Es sabido que, en una lectura canónica, la trama de Night of the Living Dead constituye un alegato contra las armas nucleares (una de las hipótesis que se maneja, en la diégesis, para explicar la aparición de los zombis está relacionada a la radiación) y/o una denuncia expresionista de la violencia de la sociedad estadounidense de los sesenta, de la horrenda discriminación aún entonces –y, alas, hoy– imperante, de la aventura imperialista de la guerra de Vietnam.

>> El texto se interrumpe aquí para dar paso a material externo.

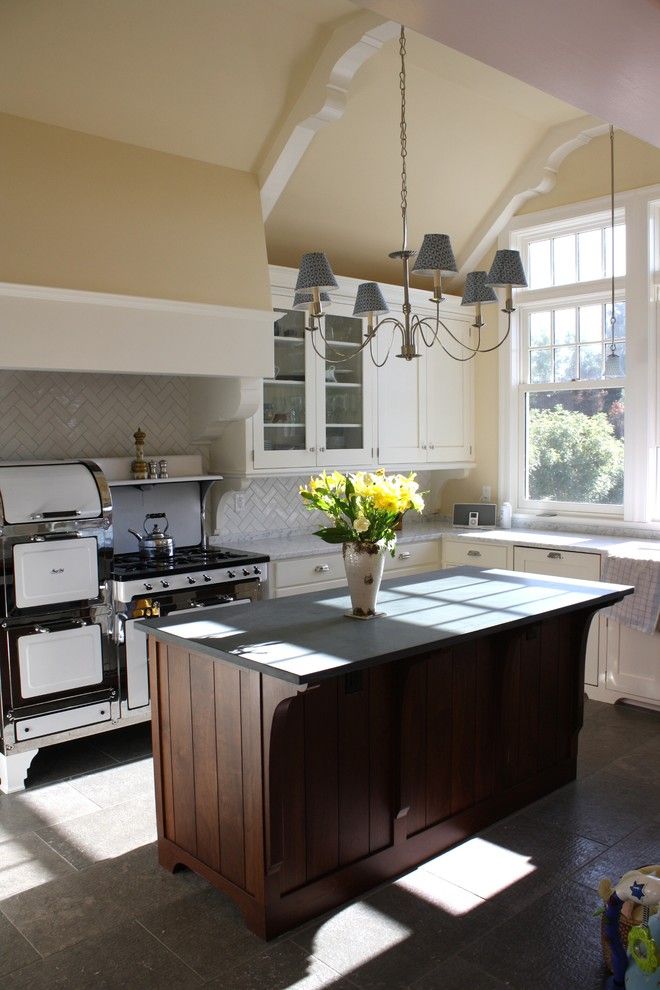 Whistling Kettle for a Industrial Kitchen with a Tile Floor and Kelly and Abramson Kitchens by Kelly and Abramson Architecture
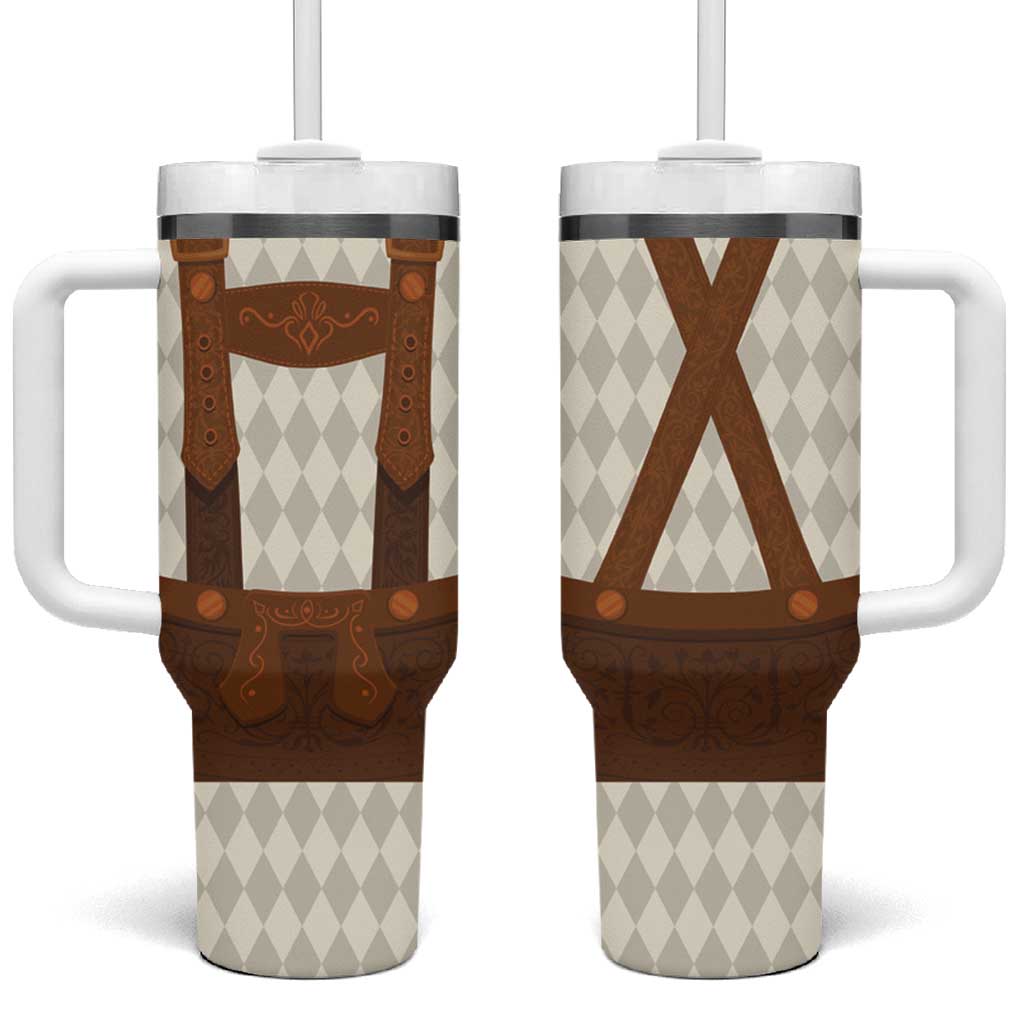 Traditional German Costume - Lederhosen Tumbler With Handle Old Vintage Bavarian Pattern - Wonder Print Shop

De igual manera, la interpretación estándar de Dawn of the Dead (1978), el segundo episodio de la saga de los muertos vivientes y, según el consenso crítico, la obra cúspide de Romero, es que los zombis que atacan el centro comercial de Monroeville (aún en pie a las afueras de Pittsburgh) en el que están refugiados unos pocos sobrevivientes todavía humanos representan las masas consumistas y teledirigidas por la propaganda política y por la publicidad comercial, en una visión cínica muy a tono con la desilusión post-Watergate de finales de los setenta.

 

https://www.youtube.com/watch?v=C-y3tbiqkBs

 

Finalmente, en la grandiosa pero comúnmente menospreciada Day of the Dead (1985), los zombis dominan ya el mundo pero, en los reductos en los que el ejército de Estados Unidos sigue manteniendo el control, los científicos buscan desesperadamente la cura contra el todavía inexplicable mal que convierte en zombis a las personas… y, para cumplir con su objetivo, no dudan en violar todos los derechos de los humanos, y de los zombis, que usan en experimentos de una crueldad asombrosa, en lo que puede ser leído como una crítica ácida al militarismo norteamericano o, en palabras de Robin Wood en su ensayo “What Lies Beneath?” de 2001, como “a world of masculinity gone mad”. Los ochenta del siglo XX, más claro.

 

 

Pero, para mí, el horror de los zombis de Romero es más abstracto aun, más arquetípico y, por eso mismo, infinitamente más atroz, así como, acaso paradójicamente, más real. Si bien es cierto que fue Alfred Hitchcock quien, con Psycho (1960), sacó el horror de sus acostumbrados escenarios exóticos (Transilvania, la Europa de la Edad Oscura, el Caribe o la Polinesia “salvaje”, etc.) y lo trajo de golpe a Main Street U.S.A., democratizándolo y acercándolo incómodamente a las aterrorizadas audiencias, nadie había sido tan consecuente con ese concepto, ni lo había puesto en escena de manera tan brutal e inmediata, como Romero en 1968 y en años posteriores (la saga de los muertos vivientes, por cierto, siguió después de Day of the Dead… pero es la trilogía inicial la que se considera clásica, además de que mencionar todas sus instancias excedería el formato de este artículo). En efecto, los muertos vivientes de Romero no son zombis convertidos en bestias por algún hechizo ancestral de vudú ni tampoco seres inmorales o bárbaros contra los que oponer los valores de la sociedad occidental y cristiana. Los zombis de Romero son, simplemente, una fuerza imparable que, una vez que aparece y que lo hace, crucialmente, sin explicación alguna, no necesita justificación ni programa ni fines perversos pero de altura, amén de que no es susceptible a razonamientos ni a conversiones ni a negociaciones de ningún tipo. Los zombis de Romero son la violencia inmanente: son porque son. Ni siquiera necesitan correr porque, una vez que ya están en la Tierra, es obvio que la van a subyugar, de modo que… ¿para qué apurarse?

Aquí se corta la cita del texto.